When my state drove me to disturbing, self-harming thoughts, I knew it was time for a change, so I reached out and got help.
When I rejoined the world again, I began to dwell on the reason why these two trilogies provided the blanket I needed at the time. And I finally got my answer.
It was never about the moving pictures or implicit numbness of repetition. It was the story, the scenery, the music, the combination of the three in perfect balance. This world of Middle-Earth became believable to me, in a sense that I believed it a part of our world’s history. It felt that real to me. It is as if pages of a history book were found and filmed. After all, why wouldn’t it be true?
Prof. Tolkien, who first invented the Elvish languages and subsequently provided the background story for them, took his inspiration from old Norse-Icelandic sagas and legends encompassing them into one world’s entire history. The weight of his accomplishment is beyond comprehension and a rarity in literary history.
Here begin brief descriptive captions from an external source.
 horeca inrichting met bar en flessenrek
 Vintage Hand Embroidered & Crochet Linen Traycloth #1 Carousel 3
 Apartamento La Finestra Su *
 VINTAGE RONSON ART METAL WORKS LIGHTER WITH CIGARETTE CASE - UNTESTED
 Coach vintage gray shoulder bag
He wanted to provide his homeland with rich history and mythology. And he succeeded. The books and the films would not have as extensive a following as they still have today were it not for its source material, its inherent reality, and complexity.
The inner world
The story of the Lord of the Rings has a multitude of layers. The first and obvious one is the good vs. evil aspect of it. It sounds as if two armies met in a field, one was on the side of the good and righteous and the other evil, they fought and good prevailed. As we know, it is much more complex. What intrigued me is the story’s inherent intricacy. The journey starts with a simple Hobbit. Simple in a sense that his inner world is as intact and unspoiled as it can be.
Frodo is a happy-go-lucky mannered Hobbit who enjoys the Shire, the company of his friends and roaming the borders of his realm. As he moved from realm to realm on his mission to destroy the One Ring in the fires of Mordor, so too, his inner world changed. The One Ring influenced him to a point of unrecognizability as did the events that took place and the surroundings he found himself in. Accustomed only to the good and the green of his world, he came to know his own power of transformation and his own ability to do and act evil. At the end of his journey, and years passed, he still could not come to terms with all that had happened, for it left an indelible mark on his inner world. He was never the same.
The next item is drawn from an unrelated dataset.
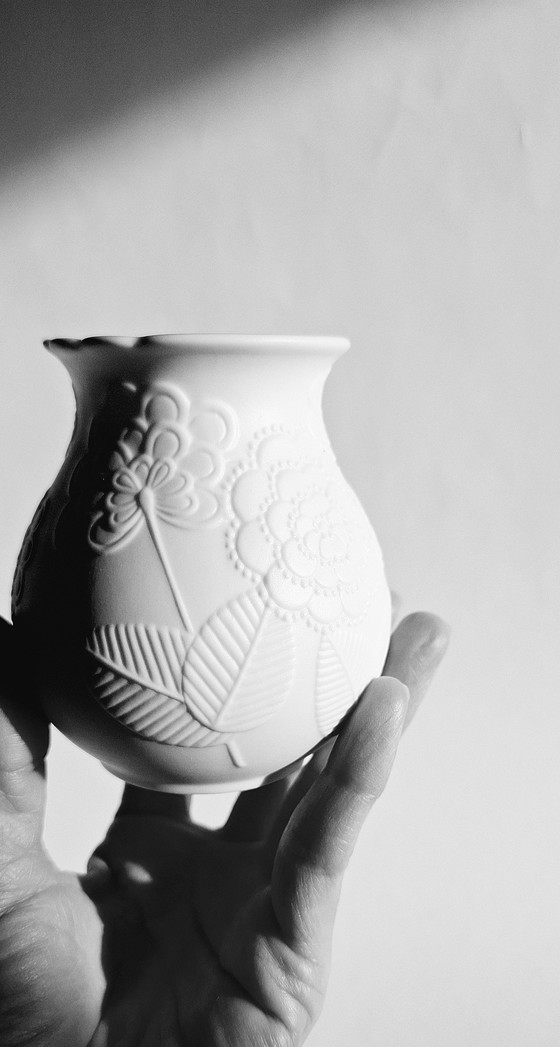 Image 1 of Vaso vintage Ak Kaiser in porcellana biscuit con rilievi floreali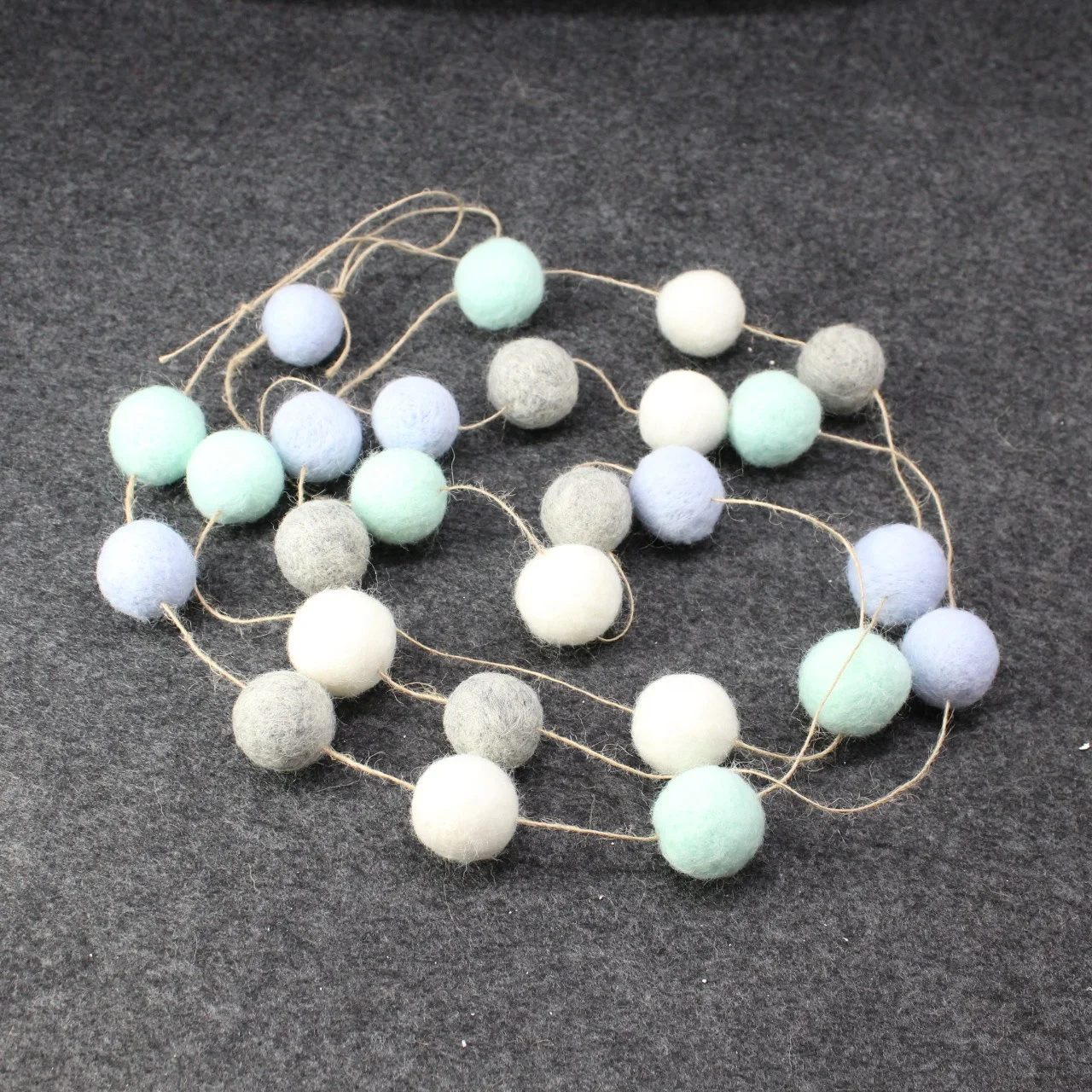 Wholesale colourful felt ball garland for Christmas Decoration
Frodo’s inner struggle throughout the story is a magnificent piece of storytelling. It is a wonderfully simple idea that is simultaneously as convoluted as the nature of humanity itself. It encompasses everything we are, everything we are capable of, as well as, the darkness that is a part of us all. This aspect of the story deals with psychological, emotional and physical deterioration of a single being and his journey from light to dark.
This was masterfully portrayed in the films with the additional help of the musical component that enhances the experience and transfers the feelings from the silver screen onto the audience in a unique way.
It is this aspect of the story that captured my interest. I cannot say that I fully understand the influence the Ring has had on Frodo because I have not carried it myself. However, I can empathize with the gradual deterioration that Frodo underwent. I could clearly mark all the events of my own reality that had eventually brought me to a state of stasis. I was surviving, not living. And since I did not have a mission to accomplish that would carry me forward, I simply stayed in this state.
Every event in our lives leaves a scar for us to bear forward. The wound may heal and the body may recover, but the mind and our soul never forget. Our inner worlds change. We may not even be able to recognize ourselves when we finally reach the light.